Segment Start: EXERCISE DATA

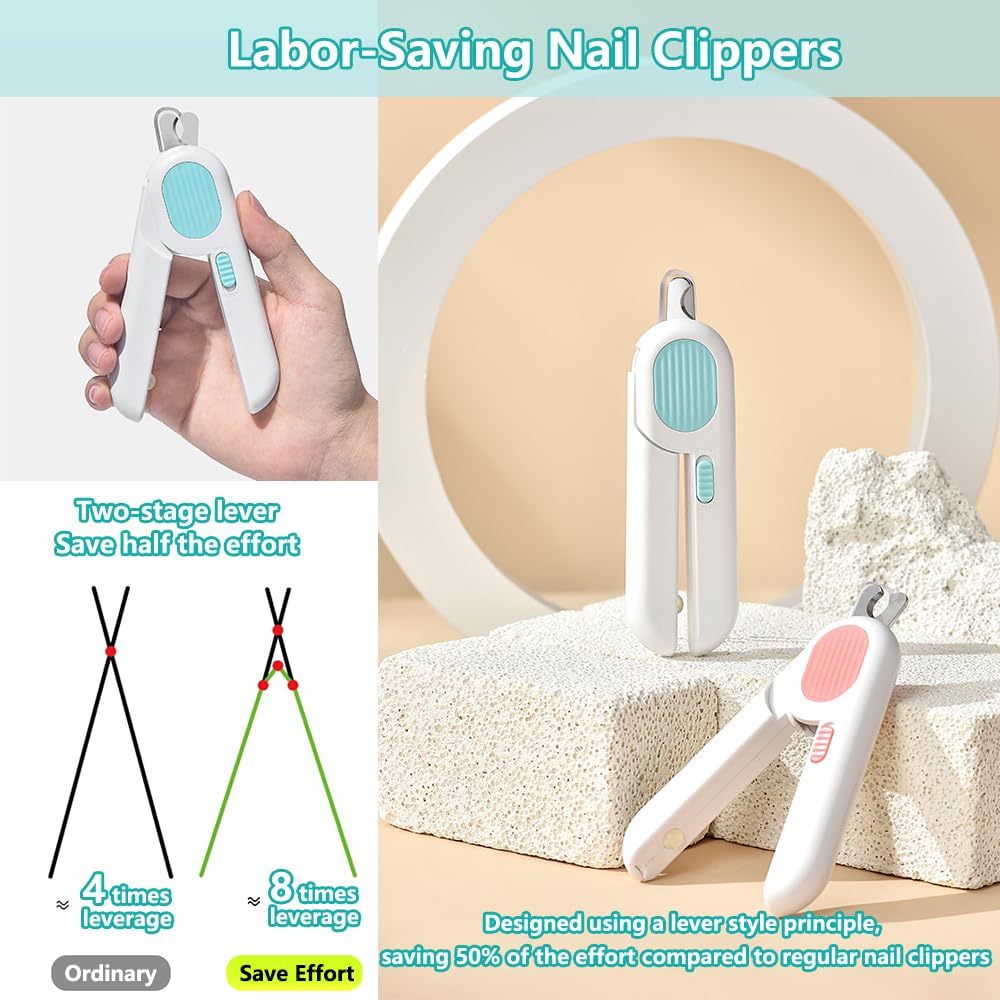 Coupe-ongles pour chiens et chats, coupe-ongles pour animaux de compagnie avec lumière LED et coupe-pattes de chat à trou circulaire pour éviter les coupes excessives
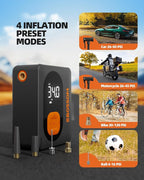 Tire Inflator Portable Air Compressor Cordless Bike Pump with Digital Dual Values Display, 130 PSI Car Tires Pump with LED Lights Air Pump for Bikes, Motorcycles, Balls（15cm Car Air Hose）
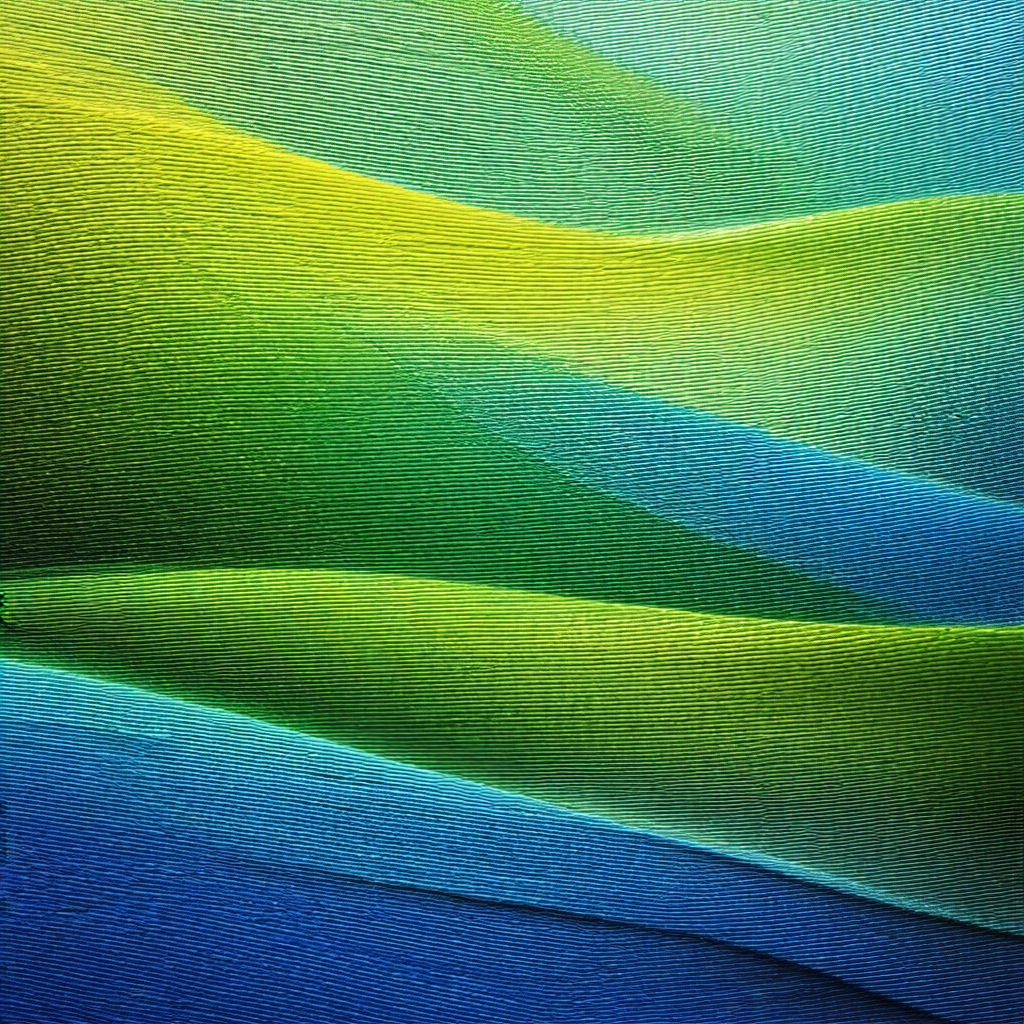 Painting of a blue and green wave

Segment End: EXERCISE DATA

EXERCISE REQUIREMENTS:
Copy the data word for word and omit every picture.

TASK OUTPUT:
 Coupe-ongles pour chiens et chats, coupe-ongles pour animaux de compagnie avec lumière LED et coupe-pattes de chat à trou circulaire pour éviter les coupes excessives
 Tire Inflator Portable Air Compressor Cordless Bike Pump with Digital Dual Values Display, 130 PSI Car Tires Pump with LED Lights Air Pump for Bikes, Motorcycles, Balls（15cm Car Air Hose）
 Painting of a blue and green wave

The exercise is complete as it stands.